The closure that saddened my family the most was announced on July 7, when the State Fair of Texas confirmed that, for the first time since World War II, Fair Park’s gates would not be welcoming thousands of people this fall for food, shows, photos, and fun. Especially for my son, who dressed up as Big Tex for Halloween last year, it was crushing to hear that “the germs” meant there would be no fair this year.
But in the weeks and months after that announcement, something remarkable happened. First, word started getting around that Fletcher’s, in the wake of the fair’s closure, would be hosting a series of pop-up events around the metroplex to make sure that people got their corny dog fix.
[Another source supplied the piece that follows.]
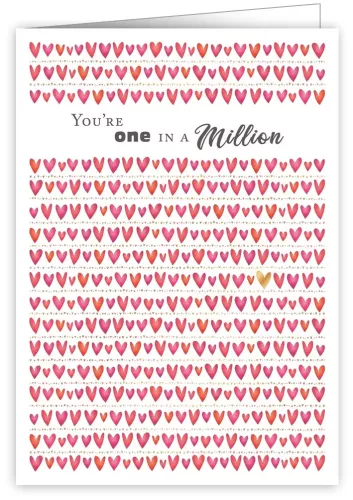 You're one in a Million, Greeting Card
Then mom-and-pop restaurants here in Garland decided to get in on the fun too, adding to their menus traditional (and not-so-traditional) “fair fare,” from funnel cakes to fried Oreos. Finally, the State Fair itself announced that they would be hosting a series of drive-through events where visitors could get their photo with a masked Big Tex, chow down on a few favorite snacks, and play a game on the midway. While the State Fair as we know and love it remains closed for the year, it was inspiring to see so many people get creative and make adjustments to ensure that, even if the fair is cancelled, fun is not.
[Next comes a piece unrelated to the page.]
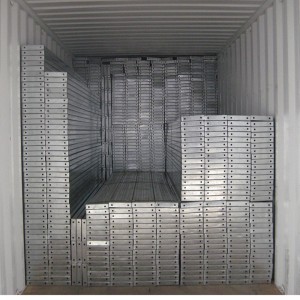 210 Bredde galvaniseret stillads metalplade med 10 mm hul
Just as institutions like the State Fair have adapted in the last six months, so too has the church. Despite the discomfort, believers worship in masks on Sunday mornings and block off pews. Those who are less than tech-savvy have learned to use Facebook Live so they can participate in Bible study and worship from home. With so many fellowship opportunities off the table for now, church members have reached out to one another by phone and e-mail to check in and offer encouragement. Church has looked different, but it has not been cancelled.
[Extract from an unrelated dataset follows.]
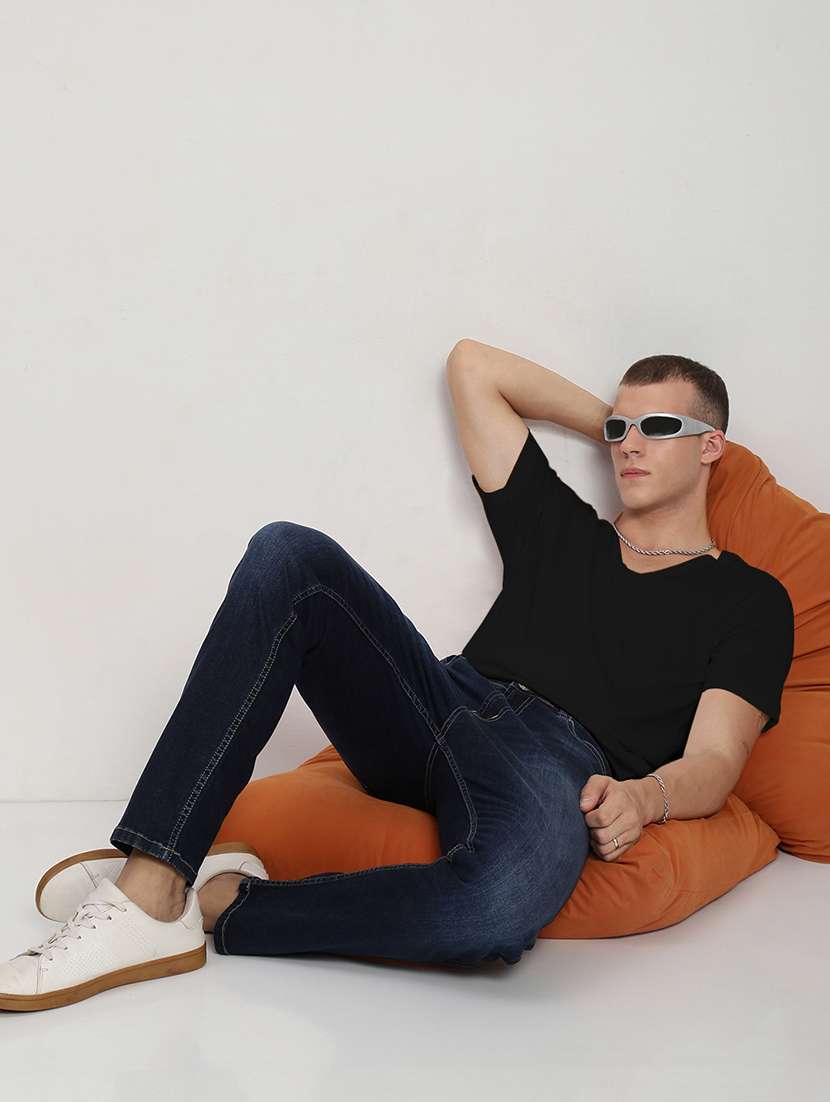 men solid short sleeve regular fit t-shirt - 22038161 -  Standard Image - 5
In such tumultuous times, it’s been helpful to remember that this is far from the first time the church has had to navigate a difficult season. In the earliest days of the church, the apostles faced everything from persecution to sickness to internal conflicts. There were surely moments when they wondered if Jesus’s final promise to them—to be with them always, even to the end of the age—was coming up empty.
But in the wake of their difficulties, they grounded themselves in the knowledge that God was refining them in crisis and that their ability to persevere in struggles was serving as a witness to God’s grace and glory. Hard times made them bend but never break, and every obstacle offered an opportunity to show people how the Spirit breathes life into what is lifeless and hope into what seems hopeless.
Six months into this pandemic, with the end not yet in sight, the church continues to endure, just as Christ promised we would in dark days. May we continue to be obedient to the mission God has given us, making adjustments where we must and using the gifts He has given us. For while many things have been cancelled, ministry most certainly continues.